**Problem description**
Look through the data below. Collect every line where the word "para" occurs.

[Extracted data entries]
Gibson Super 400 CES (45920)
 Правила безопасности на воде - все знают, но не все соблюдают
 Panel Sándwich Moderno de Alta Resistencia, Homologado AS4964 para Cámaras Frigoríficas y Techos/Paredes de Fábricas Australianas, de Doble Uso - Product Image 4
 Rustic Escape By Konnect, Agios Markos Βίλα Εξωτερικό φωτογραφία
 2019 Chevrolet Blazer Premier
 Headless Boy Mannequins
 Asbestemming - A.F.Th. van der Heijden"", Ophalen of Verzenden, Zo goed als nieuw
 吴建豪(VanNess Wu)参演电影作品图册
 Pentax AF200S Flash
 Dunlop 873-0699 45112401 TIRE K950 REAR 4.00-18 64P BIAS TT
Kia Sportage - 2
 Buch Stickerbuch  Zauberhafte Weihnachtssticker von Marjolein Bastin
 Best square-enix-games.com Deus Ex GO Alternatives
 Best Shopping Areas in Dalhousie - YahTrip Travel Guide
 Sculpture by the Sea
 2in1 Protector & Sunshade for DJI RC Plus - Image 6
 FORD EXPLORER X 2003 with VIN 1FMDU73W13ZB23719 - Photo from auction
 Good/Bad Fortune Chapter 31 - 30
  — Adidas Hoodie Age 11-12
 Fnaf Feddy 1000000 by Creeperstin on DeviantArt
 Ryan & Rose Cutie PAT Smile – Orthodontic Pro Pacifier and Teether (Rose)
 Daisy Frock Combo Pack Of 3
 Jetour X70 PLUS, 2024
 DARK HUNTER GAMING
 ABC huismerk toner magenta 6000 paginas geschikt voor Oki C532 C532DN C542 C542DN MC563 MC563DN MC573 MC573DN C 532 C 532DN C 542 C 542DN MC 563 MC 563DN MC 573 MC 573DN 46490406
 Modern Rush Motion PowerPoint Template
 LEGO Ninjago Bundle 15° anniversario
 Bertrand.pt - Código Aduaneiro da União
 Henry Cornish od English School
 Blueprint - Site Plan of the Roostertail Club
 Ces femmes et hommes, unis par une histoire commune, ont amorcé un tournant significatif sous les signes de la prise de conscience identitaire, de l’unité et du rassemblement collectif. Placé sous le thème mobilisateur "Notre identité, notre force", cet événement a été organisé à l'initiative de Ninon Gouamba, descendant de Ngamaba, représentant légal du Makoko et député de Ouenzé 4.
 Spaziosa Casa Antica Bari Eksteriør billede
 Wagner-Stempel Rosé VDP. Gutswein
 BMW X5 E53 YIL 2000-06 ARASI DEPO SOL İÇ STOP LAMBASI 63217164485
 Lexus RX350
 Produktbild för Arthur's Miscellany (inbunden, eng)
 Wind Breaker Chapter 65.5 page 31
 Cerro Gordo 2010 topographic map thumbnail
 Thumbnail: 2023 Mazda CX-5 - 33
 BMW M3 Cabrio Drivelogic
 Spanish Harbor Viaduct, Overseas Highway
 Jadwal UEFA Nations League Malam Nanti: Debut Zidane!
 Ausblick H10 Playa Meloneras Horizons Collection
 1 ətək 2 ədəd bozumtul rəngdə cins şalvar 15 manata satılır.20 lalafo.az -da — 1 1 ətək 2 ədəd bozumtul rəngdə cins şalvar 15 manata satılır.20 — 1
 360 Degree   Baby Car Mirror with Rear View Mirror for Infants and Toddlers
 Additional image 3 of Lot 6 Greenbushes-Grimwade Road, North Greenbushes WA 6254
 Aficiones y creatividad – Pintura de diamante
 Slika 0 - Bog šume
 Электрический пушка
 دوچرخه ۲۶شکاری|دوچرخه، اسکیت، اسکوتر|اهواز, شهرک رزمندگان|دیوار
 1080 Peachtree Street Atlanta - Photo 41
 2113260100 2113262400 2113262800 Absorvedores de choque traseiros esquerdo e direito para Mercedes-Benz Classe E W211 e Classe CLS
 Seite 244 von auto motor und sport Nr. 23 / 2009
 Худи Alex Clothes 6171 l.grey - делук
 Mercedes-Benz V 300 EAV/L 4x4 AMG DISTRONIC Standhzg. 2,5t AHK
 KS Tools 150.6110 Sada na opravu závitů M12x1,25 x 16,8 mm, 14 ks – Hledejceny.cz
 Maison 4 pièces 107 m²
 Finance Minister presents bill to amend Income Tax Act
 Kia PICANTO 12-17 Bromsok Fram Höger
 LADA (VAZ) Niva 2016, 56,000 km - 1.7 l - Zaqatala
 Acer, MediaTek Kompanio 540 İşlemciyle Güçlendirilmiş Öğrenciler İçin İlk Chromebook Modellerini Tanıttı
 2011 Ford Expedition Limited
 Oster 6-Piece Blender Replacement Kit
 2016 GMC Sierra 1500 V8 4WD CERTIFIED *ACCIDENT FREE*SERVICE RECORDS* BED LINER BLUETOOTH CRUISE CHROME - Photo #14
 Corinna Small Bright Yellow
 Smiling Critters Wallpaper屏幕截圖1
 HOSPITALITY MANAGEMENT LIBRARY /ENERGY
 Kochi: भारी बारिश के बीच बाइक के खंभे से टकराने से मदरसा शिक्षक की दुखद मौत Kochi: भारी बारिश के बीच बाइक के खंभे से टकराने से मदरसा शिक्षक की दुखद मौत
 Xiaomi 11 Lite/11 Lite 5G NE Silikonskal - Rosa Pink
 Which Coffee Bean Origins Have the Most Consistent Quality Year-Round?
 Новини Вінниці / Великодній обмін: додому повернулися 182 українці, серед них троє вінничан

**Expected answer**
 Panel Sándwich Moderno de Alta Resistencia, Homologado AS4964 para Cámaras Frigoríficas y Techos/Paredes de Fábricas Australianas, de Doble Uso - Product Image 4
 2113260100 2113262400 2113262800 Absorvedores de choque traseiros esquerdo e direito para Mercedes-Benz Classe E W211 e Classe CLS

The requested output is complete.